J’ai opéré un contrebassiste de Guéret : il faut faire très attention car on risque de s’abîmer un nerf en opérant. Nous avons également opéré en cas de rhizarthrose – la maladie des tricoteuses – d’arthrose entre le trapèze et le premier métacarpien. Un violoniste, s’il est opéré au doigt, a besoin d’une précision de 1 à 2 mm.

« Douleur soudaine à la main : je ne pouvais plus jouer »

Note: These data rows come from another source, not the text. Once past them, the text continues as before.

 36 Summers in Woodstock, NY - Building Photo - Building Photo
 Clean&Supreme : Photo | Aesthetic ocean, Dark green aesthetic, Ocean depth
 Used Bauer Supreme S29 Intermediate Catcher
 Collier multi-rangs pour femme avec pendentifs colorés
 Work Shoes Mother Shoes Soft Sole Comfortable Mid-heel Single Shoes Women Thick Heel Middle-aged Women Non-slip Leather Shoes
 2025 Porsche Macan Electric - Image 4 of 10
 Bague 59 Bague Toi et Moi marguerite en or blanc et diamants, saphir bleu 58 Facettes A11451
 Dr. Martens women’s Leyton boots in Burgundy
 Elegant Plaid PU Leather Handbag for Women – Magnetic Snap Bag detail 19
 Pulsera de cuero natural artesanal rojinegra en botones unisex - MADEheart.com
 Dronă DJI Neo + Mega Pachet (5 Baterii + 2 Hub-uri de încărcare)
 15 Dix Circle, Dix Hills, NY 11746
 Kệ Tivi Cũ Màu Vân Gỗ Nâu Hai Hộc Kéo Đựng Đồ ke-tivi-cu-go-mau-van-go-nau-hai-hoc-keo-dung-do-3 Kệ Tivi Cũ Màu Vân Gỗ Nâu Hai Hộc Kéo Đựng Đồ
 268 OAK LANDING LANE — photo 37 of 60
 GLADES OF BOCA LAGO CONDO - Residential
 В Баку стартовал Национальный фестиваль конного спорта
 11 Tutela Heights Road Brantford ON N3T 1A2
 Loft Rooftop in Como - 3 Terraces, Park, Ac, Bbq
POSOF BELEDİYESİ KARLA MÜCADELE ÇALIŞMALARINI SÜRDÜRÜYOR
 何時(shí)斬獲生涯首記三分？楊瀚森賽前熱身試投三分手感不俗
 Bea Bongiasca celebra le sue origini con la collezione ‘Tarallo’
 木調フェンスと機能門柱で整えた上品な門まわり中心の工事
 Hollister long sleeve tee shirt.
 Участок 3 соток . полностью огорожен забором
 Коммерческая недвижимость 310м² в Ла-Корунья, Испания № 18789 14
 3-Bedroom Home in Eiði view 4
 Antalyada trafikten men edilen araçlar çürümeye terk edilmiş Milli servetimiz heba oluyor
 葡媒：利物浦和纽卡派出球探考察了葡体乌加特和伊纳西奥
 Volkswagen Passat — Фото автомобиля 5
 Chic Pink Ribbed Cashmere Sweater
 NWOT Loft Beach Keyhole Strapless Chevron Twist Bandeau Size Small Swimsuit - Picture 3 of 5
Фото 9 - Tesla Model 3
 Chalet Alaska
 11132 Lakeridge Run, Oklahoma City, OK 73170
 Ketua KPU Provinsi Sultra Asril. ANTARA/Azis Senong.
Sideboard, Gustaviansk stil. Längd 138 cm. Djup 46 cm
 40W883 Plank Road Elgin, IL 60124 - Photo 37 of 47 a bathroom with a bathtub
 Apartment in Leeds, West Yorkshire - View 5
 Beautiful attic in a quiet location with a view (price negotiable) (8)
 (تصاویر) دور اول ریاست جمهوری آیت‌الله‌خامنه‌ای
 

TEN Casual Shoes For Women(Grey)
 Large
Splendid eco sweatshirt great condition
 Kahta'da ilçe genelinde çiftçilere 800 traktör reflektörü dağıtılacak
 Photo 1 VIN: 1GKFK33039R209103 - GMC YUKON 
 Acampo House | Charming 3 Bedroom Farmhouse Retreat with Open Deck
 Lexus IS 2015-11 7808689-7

« C’était comme un choc électrique. Douleur soudaine à la main : je ne pouvais plus bouger ma bague. Guitariste depuis trente ans, Nicolas Houari s’est retrouvé secoué de la nuit. Impossible de jouer avec cette douleur. C’est son kinésithérapeute de Guéret, Serge Ducleroir, qui lui conseille d’aller voir le docteur Gougam, qui vient d’arriver à la clinique des Marches.

« Lorsque je suis arrivé pour la première fois, il m’a expliqué qu’il était lui-même musicien. Très à l’écoute. Puis il m’a demandé de revenir avec mon instrument et a immédiatement détecté une mauvaise posture. Sur ses conseils, je suis allé consulter un kinésithérapeute à Paris, à la clinique des musiciens, Isabelle Campion. Des musiciens viennent du monde entier pour le voir ! Je ne l’ai vu que deux fois. Elle m’a dit : « Si tu fais ce que je te dis, remonte dans le train et rejoue !  » « .

Qu’il a fait. « J’ai pris mon mal en patience et j’ai réappris à jouer : il fallait juste que je change de posture. Avant, je jouais toujours l’épaule baissée, je ne me tenais pas droit. Aujourd’hui, je ne joue plus debout et toujours dans le position de guitariste classique. De tout cela, j’ai aussi fait un album et un spectacle.  » Un simple changement de posture a permis à ce musicien de pouvoir à nouveau jouer de la guitare sans douleur.

« C’est une grande victoire », sourit le Dr Gougam. Ici, c’était juste un problème de posture de tout le membre supérieur. Il a compensé, compensé jusqu’à ce que le couperet tombe et qu’il ne puisse plus jouer. Mon rôle était uniquement de faire le bon diagnostic et de le diriger vers la personne compétente. « Seul ? Le guitariste de la Creuse ne résume pas ainsi le rôle joué par le médecin dans sa convalescence : « La façon dont on est pris en charge est primordiale. Dès votre arrivée, nous vous écoutons, même si vous n’êtes qu’un musicien amateur. Nous faisons un diagnostic et surtout nous cherchons des solutions ».